How to Architect your System for More Efficient AI Model Training
In December of 2018, the first benchmark results for MLPerf were submitted by Intel, Google and NVIDIA. The results measured the performance of different Machine Learning algorithms on the submitters' various hardware in terms of the time to train to an accuracy threshold. However, even with the wealth of information provided in these submissions, the official process is somewhat lacking in describing the systems outside of the primary compute resources.
With that in mind, I've been running the same benchmarks in our Micron Storage Customer lab to better understand how deep learning training stresses system resources. At Micron, we are pursuing memory and storage innovations to deliver dramatic improvements in moving, accessing and analyzing data. This post will provide an overview of my findings, and we'll publish additional results soon.

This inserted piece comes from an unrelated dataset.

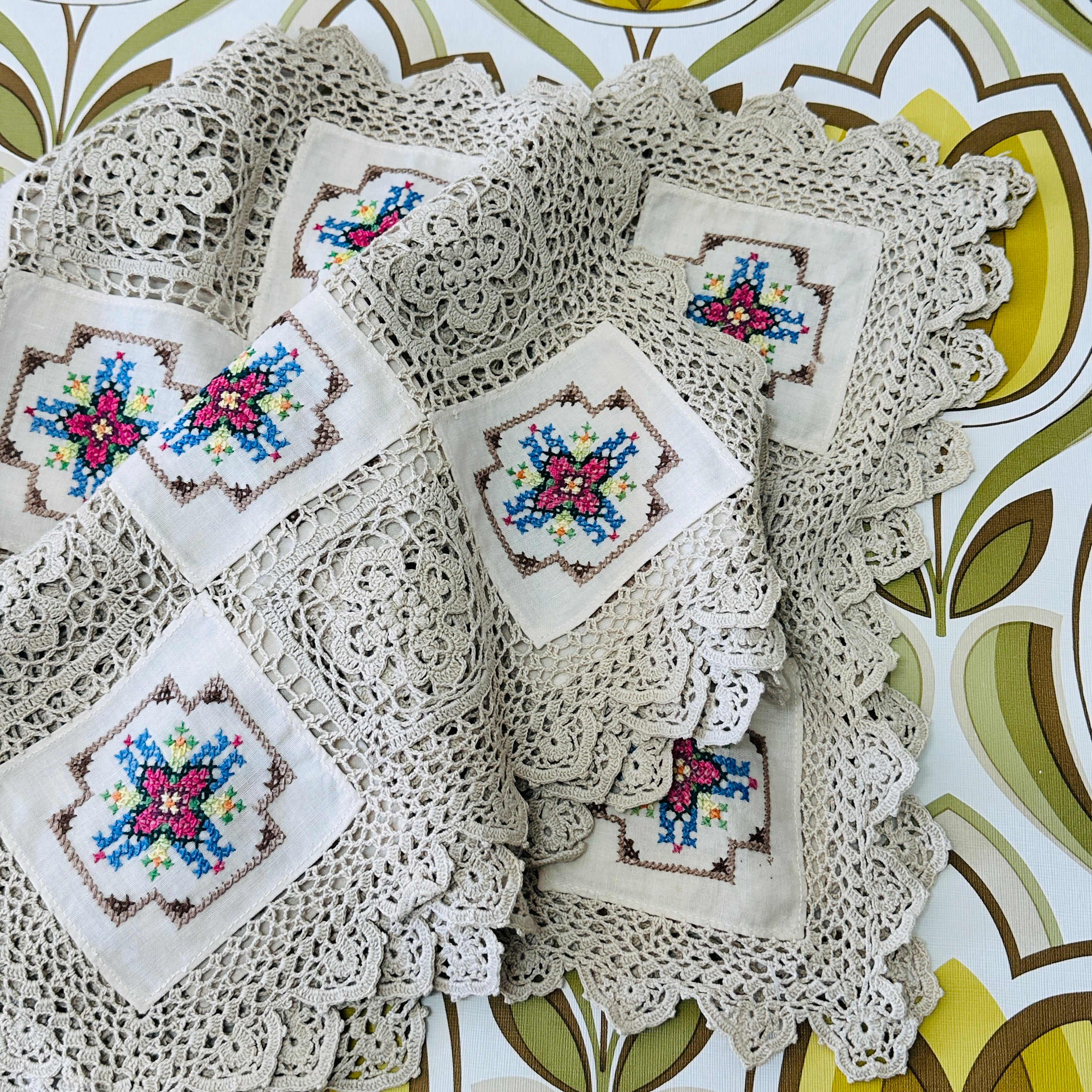 Vintage Embroidered Placemats Sweet
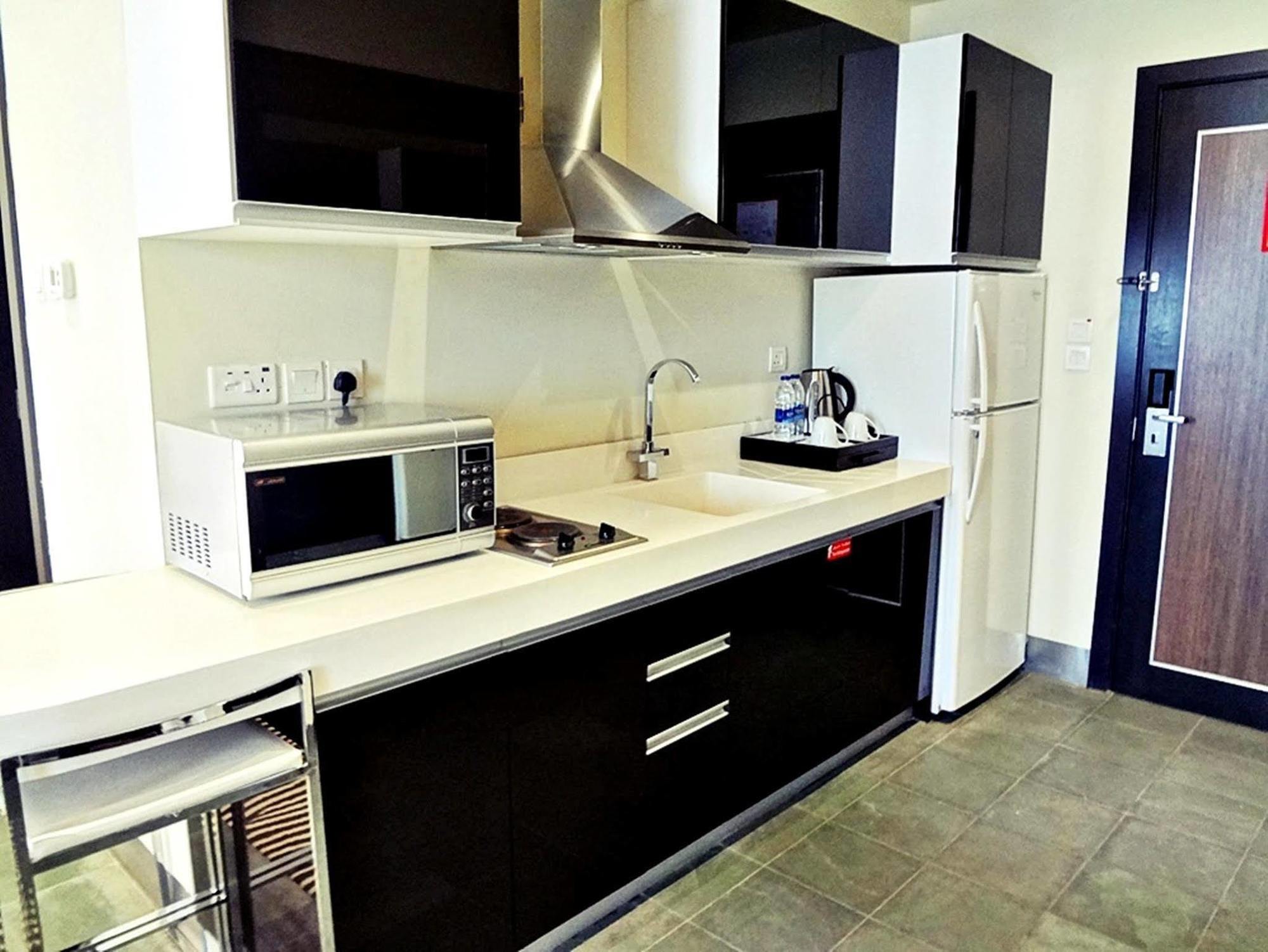 Al Raya Suites Hotel Manama Dış mekan fotoğraf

The system I used to run these tests is a SuperMicro SYS-4029GP-TVRT server. It's an 8-GPU server with GPU-compute performance nearly identical to the NVIDIA DGX-1. The main specifications are:
- 2x Intel Xeon Platinum 8180M CPUs
- 28 cores @ 2.5 GHz
- 3TB Micron DRAM
- 24x 128GB DDR4 2666 MHz DIMMs
- 8x NVIDIA V100 GPUs
- SXM form factor
- 32GB HBM2 memory per GPU
- NVLink Cube Mesh interconnect between GPUs
- 8x 7.68TB Micron 9300 Pro NVMe drives in RAID-10 for datasets
The OS was Ubuntu 18.04.2 with all updates installed and tests were executed with the docker containers defined in the NVIDIA submitted code for their v0.5.0 submission.
The first question I wanted to answer was whether the MLPerf submissions are reproducible. As MLPerf is still under heavy development, showing that results can be reproduced is an important step in the process.
The results of my own testing corroborate the results that NVIDIA submitted. This isn't surprising or ground breaking, but it is important.
Before we dive into the actual results, let me take a quick aside to describe one of my processes for benchmarking these applications. Due to the small size of the datasets available for benchmarking, I limited the amount of memory the containers had access to during training to ensure the full dataset didn't fit in the file system cache. If I had not limited the memory, the application would have read the dataset into memory during the first training epoch, then all subsequent epochs would fetch the data from the file system cache instead of doing any reads from disk.
And while this is an ideal way to run applications — have enough memory to fit your entire dataset — it's pretty unrealistic. The largest dataset used by the benchmarks is the ImageNet dataset for the image classification benchmark that clocks in at 136GB. Here at Micron, we have datasets for training that are several Terabytes in size, and we hear from our customers that they see the same thing: production datasets are quite a bit larger than the datasets used in these benchmarks.
While I can't change the datasets these benchmarks use, I can change how the system is configured to make the results more representative of what we see in the real world.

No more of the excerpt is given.